I have 3 models GrandPa, Pa, Kid
GrandPa => has_many :pas Pa => has_many kids
When I list GrandPa I would like to present the following
I have 3 models GrandPa, Pa, Kid
GrandPa => has_many :pas Pa => has_many kids
When I list GrandPa I would like to present the following
Kid has one pa and has one grandpa through pa
Pa has one to many kids and has one grandpa
Grandpa has one to many kids and has one pa
<%= :name[gp]
?pa = kid if from gp?
I think you should just have one model with a foreign key to parent and quantity of child including nil.
Thanks.
Grandpa has one to many kids and has one pa
No, Grandpa has_many pas
I didnt quite get how you proposed listing the pas (and kid count for each pa) that belong to a certain grandpa
Thanks.
Grandpa has one to many kids and has one pa
No, Grandpa has_many pas How is this possible?
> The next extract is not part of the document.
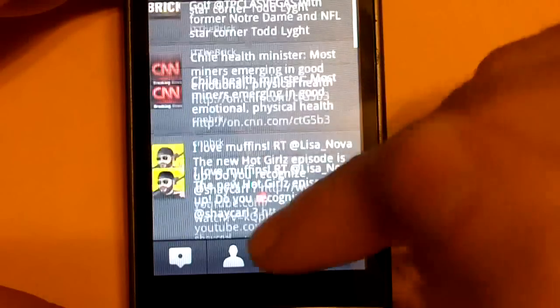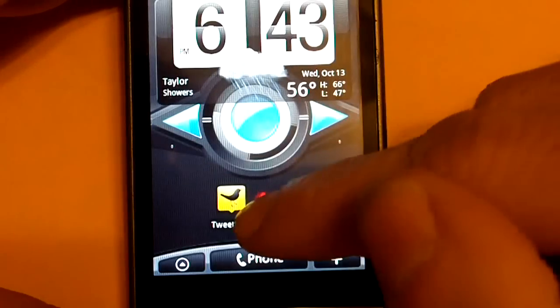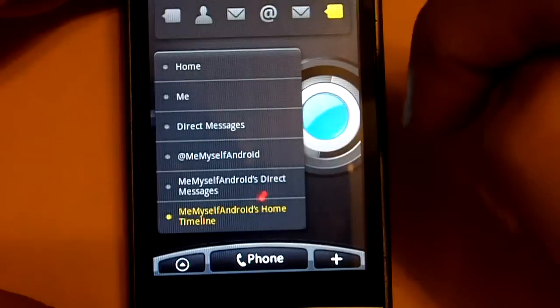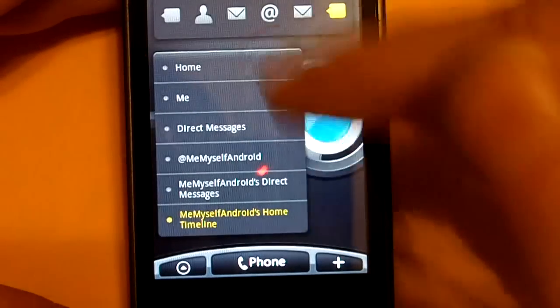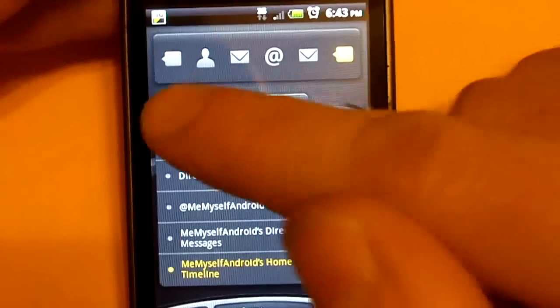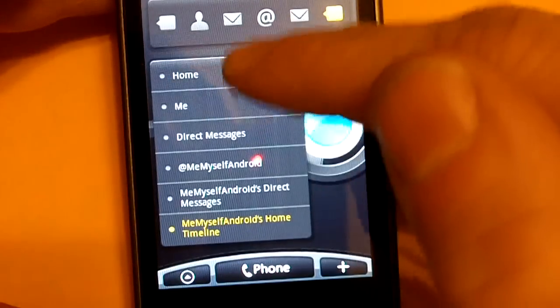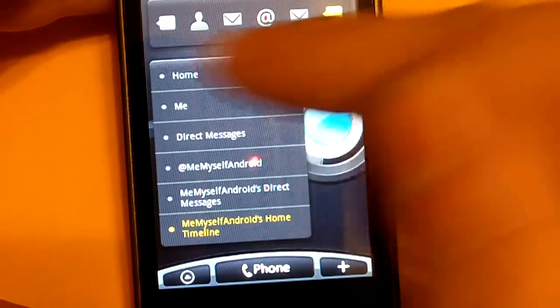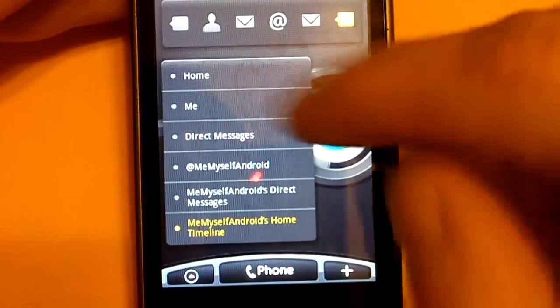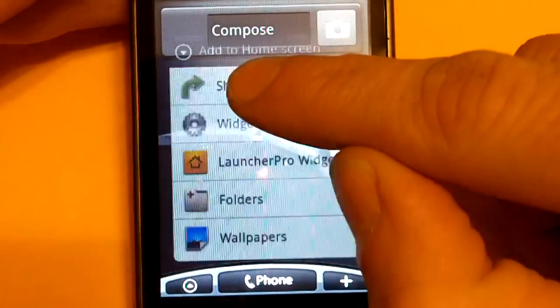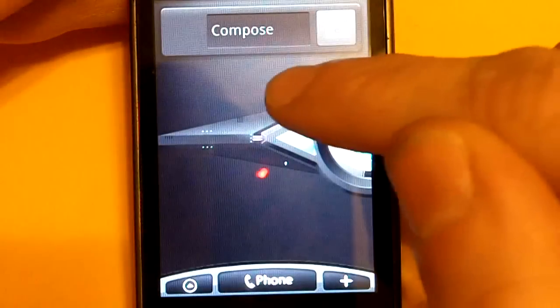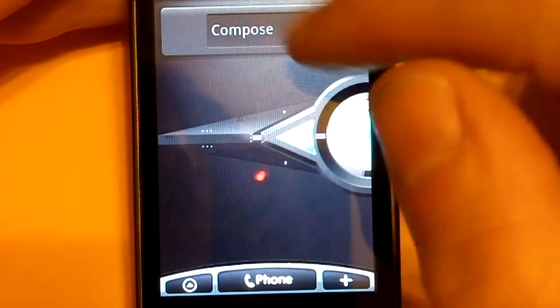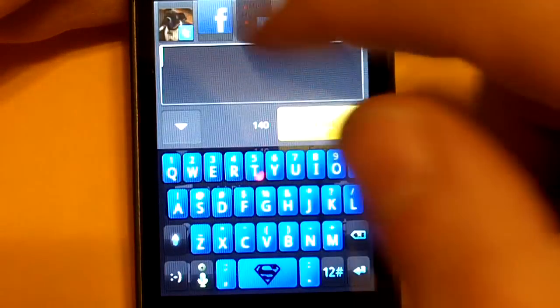So anyway, this is TweetDeck. It is available in the Android market for free. Also, with TweetDeck, it comes with three widgets. This is a bigger widget. This is called a column. I forget what they're all called. But it comes in three different sizes. This is the larger size, the smaller size, and also a size up here that you can just compose a tweet or a Facebook message or whatever. And it gives you an option on which one you want to choose.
That’s like saying I have two left arms.
I didnt quite get how you proposed listing the pas (and kid count for
each pa) that belong to a certain grandpa Because the sort is to easy to explain. What you’re sorting and why is the problem. So, now that I have two left arms how do I sort them by thumb length on my right arm. Well, I guess get a mirror.
Here is the answer if someone else runs into this..
GrandPa.all do |gpa| p gpa.name gpa.pas.all(:joins => :kids, :select => "pas.*, count(pas.id) AS kid_count" :group => :id, :order => "kid_count DESC").each do |pa| p "#{pa.name} : #{pa.kid_count}" end end
A crude way (untested), I am sure there are better as I suspect this will call count zillions of times. It should get you going and you can refactor when you want to. grandpa.pas will give you an array of pas, then simply sort this array by the number of kids. sorted = grandpa.pas.sort_by { |p| p.kids.count }
Colin
Your solution may certainly work... but is a bit "imperative" in coding terms, and does introduce an n+1 problem.
Rails offers a feature called "counter_cache" on associations - which gives you a column in associate keeping track of the amount of "belonging" records.
Have a look for it in the manual here: http://rails.rubyonrails.org/classes/ActiveRecord/Associations/ClassMethods.html
If you use it, you can then just do a normal find without the block and order by the counter-cache column, which avoids all the extra SQL counts.